Container With Most Water 383
Question
Given n non-negative integers a1, a2, ..., an, where each represents a point at coordinate (i, ai). n vertical lines are drawn such that the two endpoints of line i is at (i, ai) and (i, 0). Find two lines, which together with x-axis forms a container, such that the container contains the most water.
Notice
You may not slant the container.
Example
Given [1,3,2], the max area of the container is 2.
Solution
这题和Trapping rain water不一样,取任意两个木板后,中间的木板可以忽略。

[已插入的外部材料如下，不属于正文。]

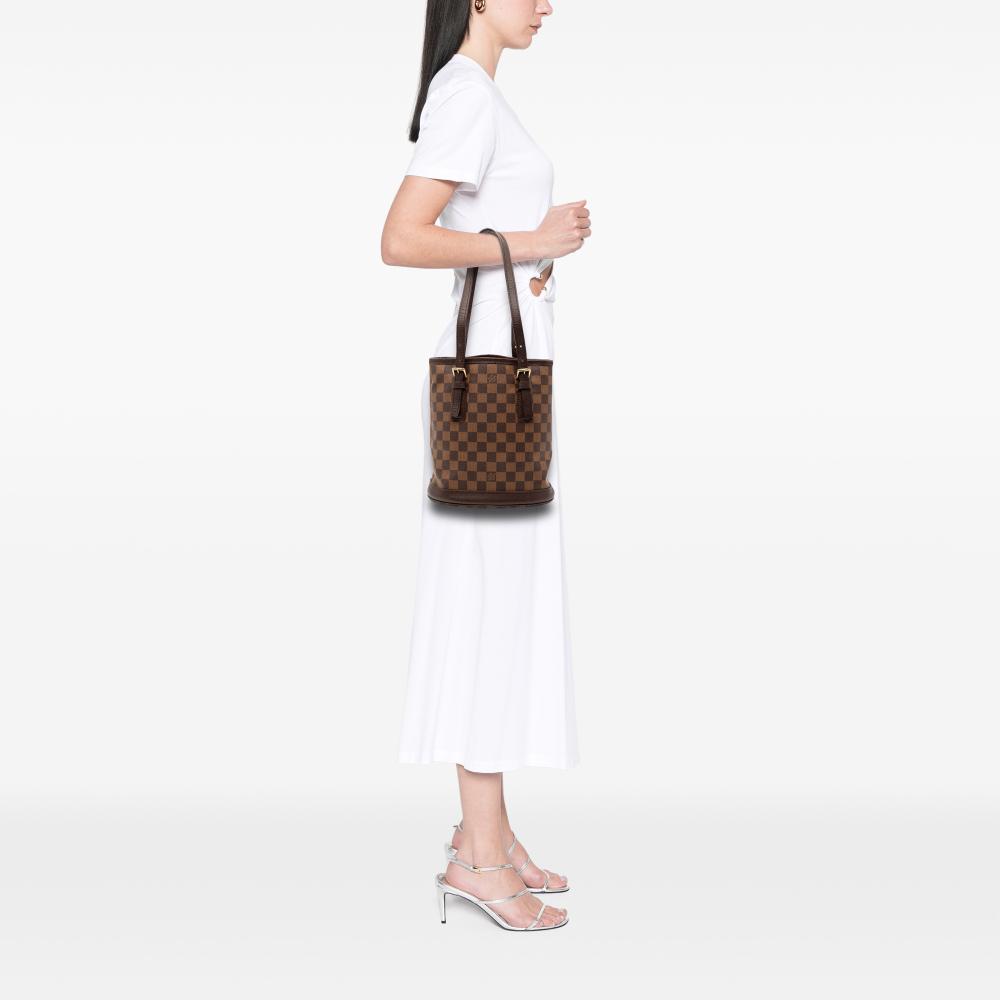 Louis Vuitton B Louis Vuitton Brown Damier Canvas Fabric Damier Ebene Marais United States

首先想到的是两次循环找最大值,时间复杂度O(n^2)。
如果用前后指针则可以将时间复杂度降到O(n)。计算取前后指针为木板时的面积,然后移动较短的那一个。保留最大面积。
代码如下:
O(n^2)
public class Solution {
/**
* @param heights: an array of integers
* @return: an integer
*/
public int maxArea(int[] heights) {
// write your code here
if(heights == null || heights.length <= 1){
return 0;
}
int area = 0;
for(int i = 0; i < heights.length - 1; i++){
for(int j = i + 1; j < heights.length; j++){
int width = j - i;
int height = Math.min(heights[i], heights[j]);
area = Math.max(area, width * height);
}
}
return area;
}
}
O(n)
public class Solution {
/**
* @param heights: an array of integers
* @return: an integer
*/
public int maxArea(int[] heights) {
// write your code here
if(heights == null || heights.length <= 1){
return 0;
}
int start = 0;
int end = heights.length - 1;
int sum = 0;
while(start < end){
sum = Math.max(sum, (end - start) * Math.min(heights[start], heights[end]));
if(heights[start] < heights[end]){
start++;
}else{
end--;
}
}
return sum;
}
}